Fehler dürfen nicht belohnt werden
Die Lage erscheint verworren. Vor ein paar Wochen steckte die Bundesregierung mitten im Wahlkampf und wollte unter allen Umständen verhindern, dass unschöne Bilder von arbeitslosen Opel-Schraubern entstehen. Das war machtpolitisch verständlich. Ein Politiker will (innerhalb einer kurzen Frist) wiedergewählt gewählt, ihm geht es im Zweifel nicht um langfristige Perspektiven für ein Unternehmen.
Nun will GM Opel doch nicht verkaufen, und der eben noch taumelnde Autoriese langt nach deutschem Steuergeld. Denn die Sanierung von Opel dürfte General Motors nach Einschätzung der Ratingagentur Moody’s 5,6 Milliarden Euro kosten - weil das Geld schlicht nicht da ist, bliebe dem Konzern nur die Hoffnung auf Staatshilfen. Und nun?
Die Lage scheint verworren, doch ist ein sattes Licht am Ende des Tunnels zu sehen.
Die Regierung sollte sich jetzt, da der Wahlkampf vorbei ist, wieder klarmachen, was ihre Aufgabe ist: Rahmen setzten und Bedingungen für Investitionen schaffen. Sich in unternehmerische Entscheidungen einmischen und gar mitentscheiden zu wollen, welche Firma überlebt und welche nicht, ist anmaßend und zeugt von reichlicher Selbstüberschätzung. Quelle, Holzmann und die Maxhütte sind mahnende Beispiele, wie man es besser nicht macht.

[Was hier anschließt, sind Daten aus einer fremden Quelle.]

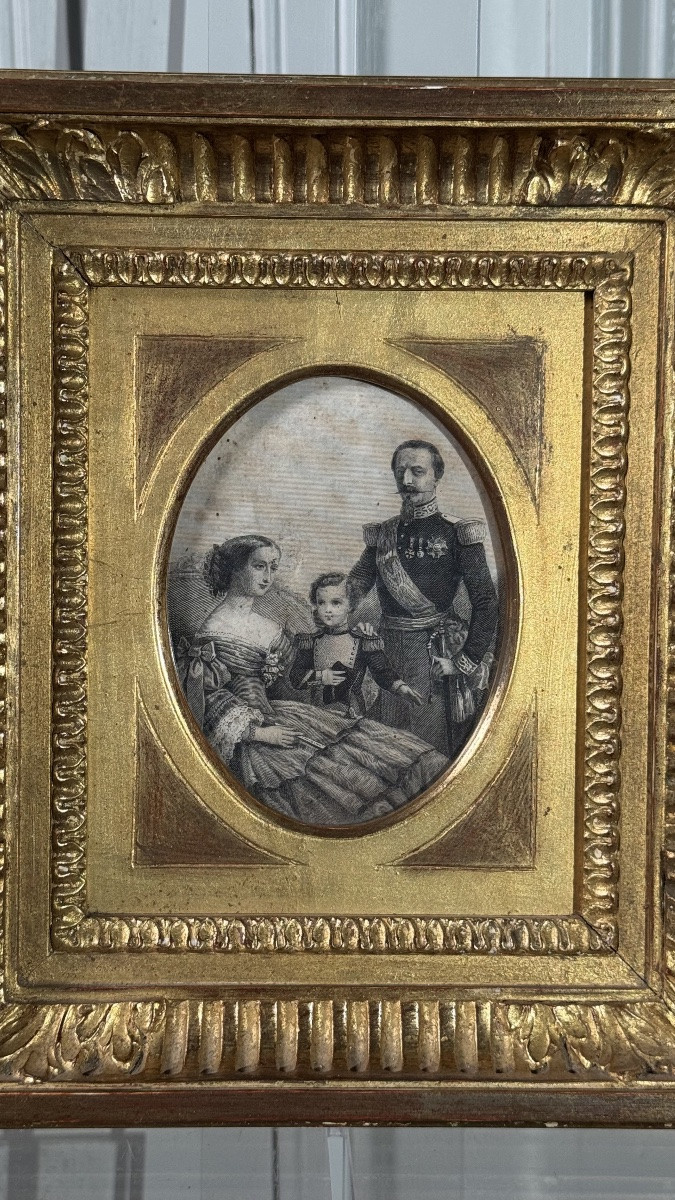 19th-century Engraving – Imperial Family: Napoleon III, Eugénie, And The Prince Imperial-photo-1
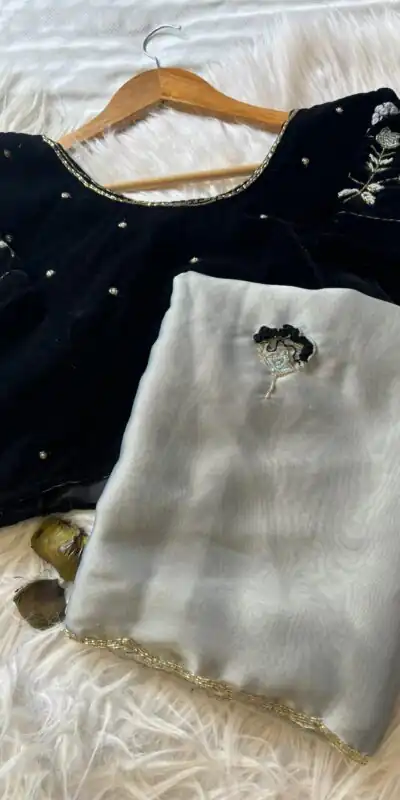 AC AZAELEA Light Grey Rangoli Silk Lace Work & Resham Work Saree with . Exclusive Offer ₹2549. Delivery 4-6 Working Days. Shop now. | Designer Sarees, Embroidered Sarees, Sarees, Bollywood Sarees, Creative Sarees, Ethnic Saree, Modern Digital sarees, Party Wear Sarees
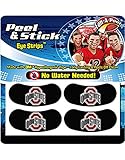 Ohio State Buckeyes OSU Set of 4 Peel & Stick Eye Strips Football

Nach pompösem Eingriff ging es doch in die Pleite.
Welche Firmen produzieren können und welche nicht, entscheiden die Kunden, in diesem Fall die Autofahrer. Wenn nicht genügend Autos gekauft werden, um eine Existenz zu sichern, dann wurden die falschen Autos gebaut. Dann hat das Unternehmen die Fehler gemacht. Wer welche Schuld daran trägt und ob GM oder Opel auf die falschen Modelle gesetzt haben, ist letztlich zweitrangig und muss intern geklärt werden. Fakt ist: Die Käufer konnten nicht überzeugt werden. In den vergangen Jahren hat GM auch in Europa kaum Gewinn gemacht. Warum sollte das jetzt auch noch honoriert werden? Es gibt kein Recht auf Geld für unternehmerische Fehlleistungen.
Im Autosektor gibt es zudem ein dramatisches Überangebot. Ford und VW sind ohne Steuergeld erfolgreich und zahlen in Deutschland ihre Steuern. Warum sollten ihnen das fatale Signal gesendet werden: Der Wettbewerber war nicht so gut - und deshalb gleicht der das Staat aus?
Das Spielchen "Geld gegen Arbeitsplätze" sollte die Regierung nicht mitmachen. Es gibt die Chance für einen sauberen Schlussstrich.